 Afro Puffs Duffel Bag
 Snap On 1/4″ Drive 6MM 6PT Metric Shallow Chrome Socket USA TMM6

...

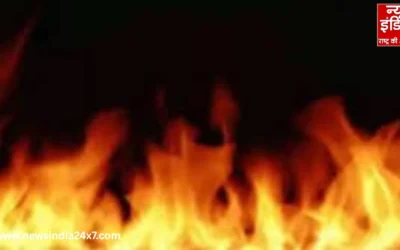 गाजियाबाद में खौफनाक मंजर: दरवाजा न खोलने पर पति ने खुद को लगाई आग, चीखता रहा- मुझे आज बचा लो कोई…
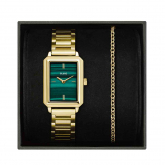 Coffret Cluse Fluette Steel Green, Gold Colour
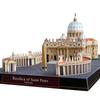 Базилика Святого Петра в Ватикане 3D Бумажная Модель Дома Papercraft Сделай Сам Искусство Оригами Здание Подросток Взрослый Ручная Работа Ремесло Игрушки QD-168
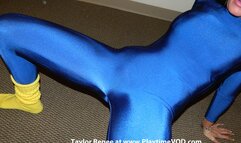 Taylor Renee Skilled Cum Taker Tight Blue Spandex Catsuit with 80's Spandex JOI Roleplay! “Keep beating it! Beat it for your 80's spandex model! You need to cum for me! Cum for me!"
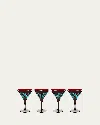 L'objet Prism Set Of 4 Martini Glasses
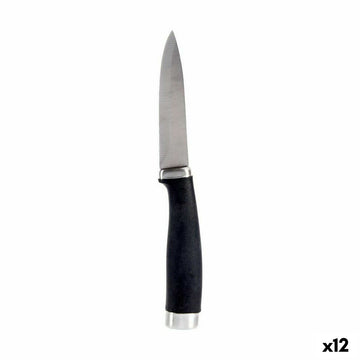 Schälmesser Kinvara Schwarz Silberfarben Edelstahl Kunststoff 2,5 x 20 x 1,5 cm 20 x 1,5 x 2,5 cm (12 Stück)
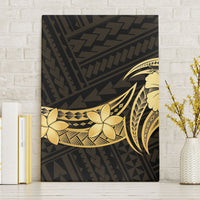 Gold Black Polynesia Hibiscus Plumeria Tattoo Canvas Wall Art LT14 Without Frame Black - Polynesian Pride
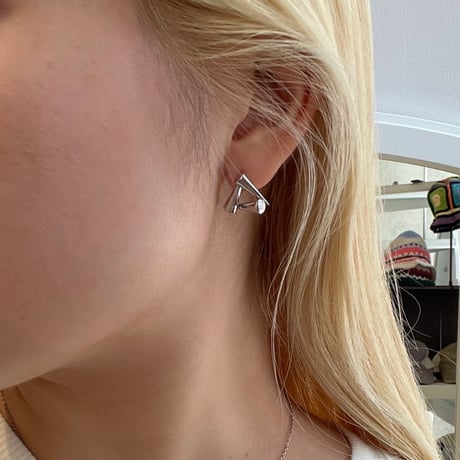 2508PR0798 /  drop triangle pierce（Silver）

---

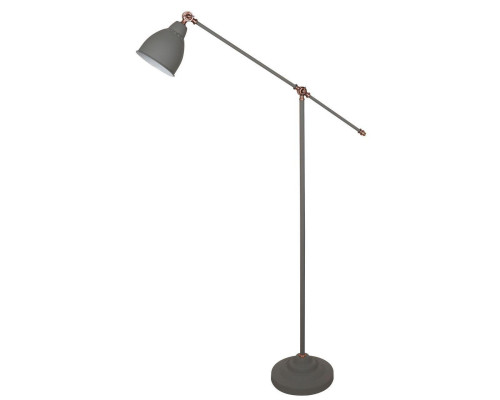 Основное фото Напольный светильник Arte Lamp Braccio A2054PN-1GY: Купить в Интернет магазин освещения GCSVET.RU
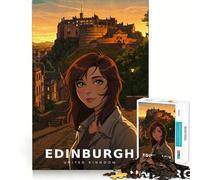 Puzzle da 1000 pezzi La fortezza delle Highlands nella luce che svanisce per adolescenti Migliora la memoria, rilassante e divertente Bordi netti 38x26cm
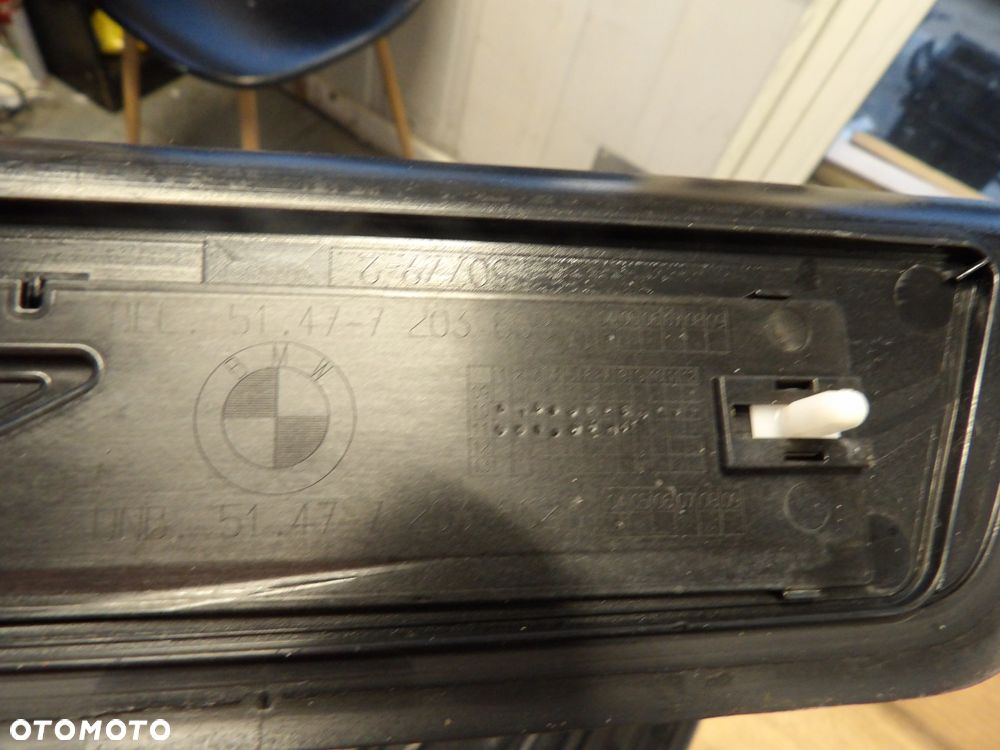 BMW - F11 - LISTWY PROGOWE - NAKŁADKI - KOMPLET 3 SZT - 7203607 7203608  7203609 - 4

_Required action_: For this exercise, reproduce exactly the lines of the records above from the one with "Taylor Renee Skilled" up to and including the one with "Schälmesser Kinvara Schwarz", without pictures.

_Written response_:
 Taylor Renee Skilled Cum Taker Tight Blue Spandex Catsuit with 80's Spandex JOI Roleplay! “Keep beating it! Beat it for your 80's spandex model! You need to cum for me! Cum for me!"
 L'objet Prism Set Of 4 Martini Glasses
 Schälmesser Kinvara Schwarz Silberfarben Edelstahl Kunststoff 2,5 x 20 x 1,5 cm 20 x 1,5 x 2,5 cm (12 Stück)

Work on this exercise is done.